Exercise
Each record below is to be retyped exactly, with its pictures omitted.

Listed records
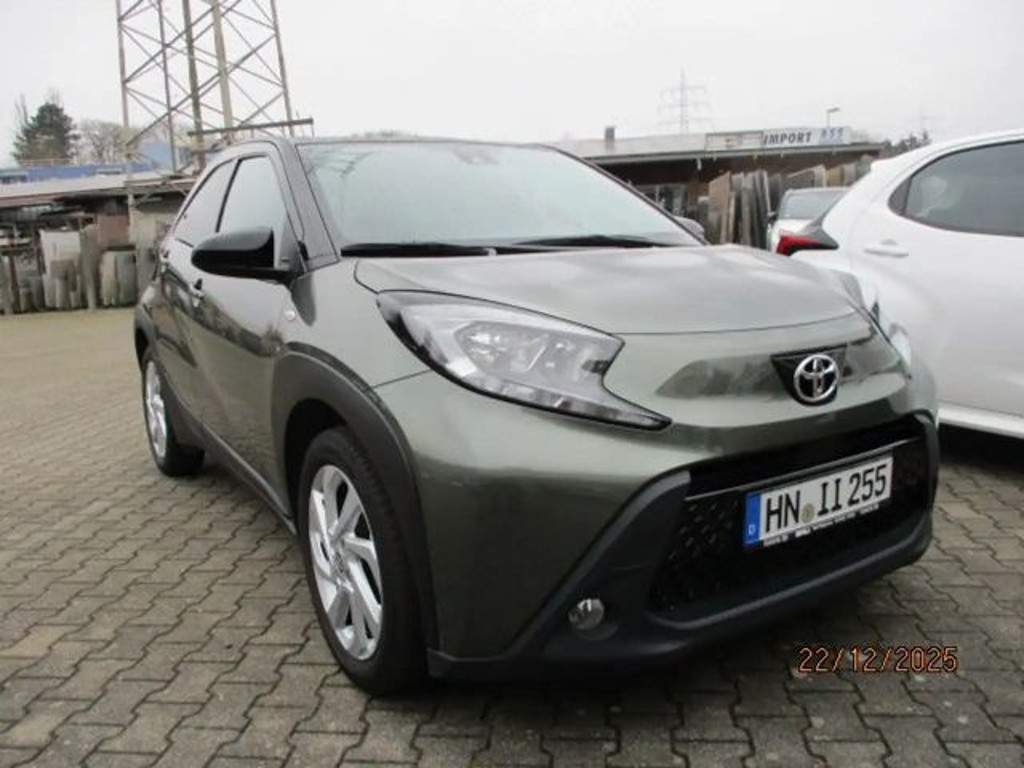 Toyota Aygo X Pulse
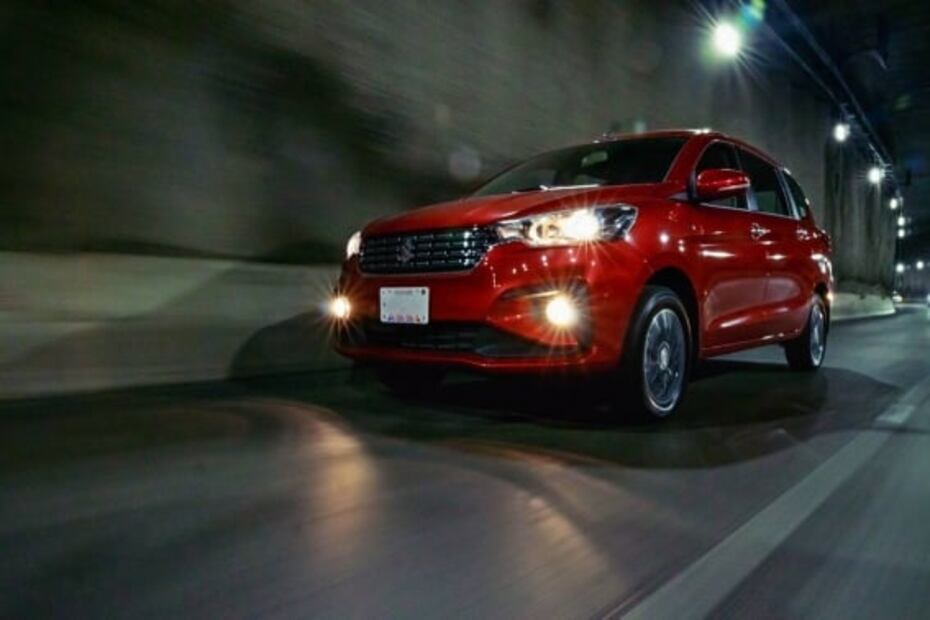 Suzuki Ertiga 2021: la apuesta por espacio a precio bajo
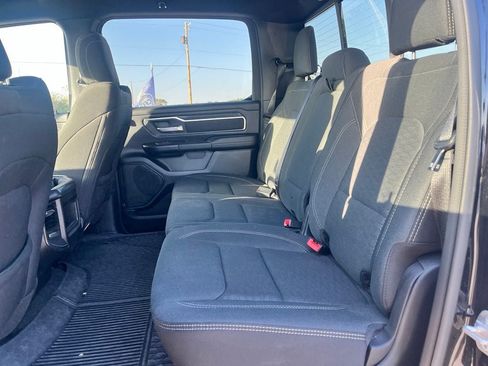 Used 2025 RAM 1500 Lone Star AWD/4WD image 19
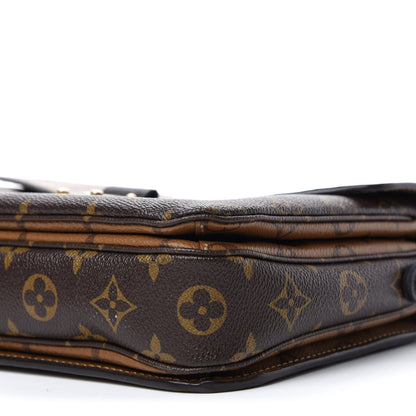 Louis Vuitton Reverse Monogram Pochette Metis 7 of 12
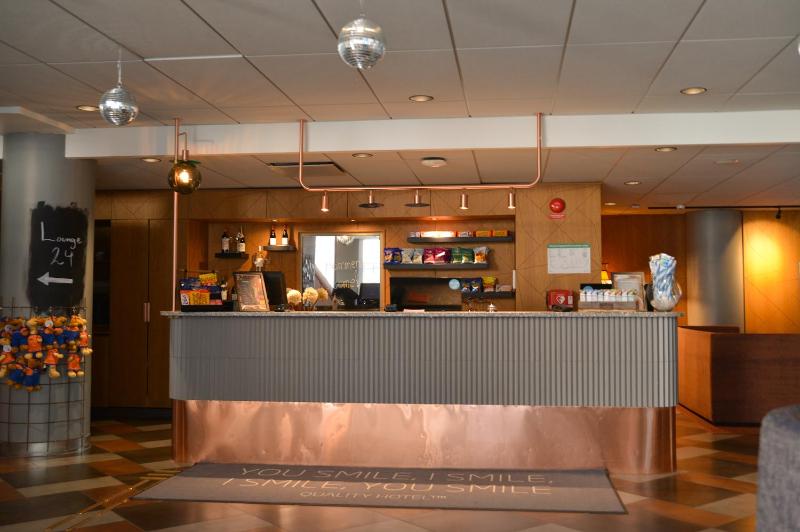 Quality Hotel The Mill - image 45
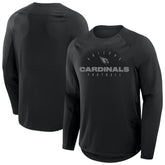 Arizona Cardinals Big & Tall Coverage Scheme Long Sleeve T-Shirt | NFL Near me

Written reply
 Toyota Aygo X Pulse
 Suzuki Ertiga 2021: la apuesta por espacio a precio bajo
 Used 2025 RAM 1500 Lone Star AWD/4WD image 19
 Louis Vuitton Reverse Monogram Pochette Metis 7 of 12
 Quality Hotel The Mill - image 45
 Arizona Cardinals Big & Tall Coverage Scheme Long Sleeve T-Shirt | NFL Near me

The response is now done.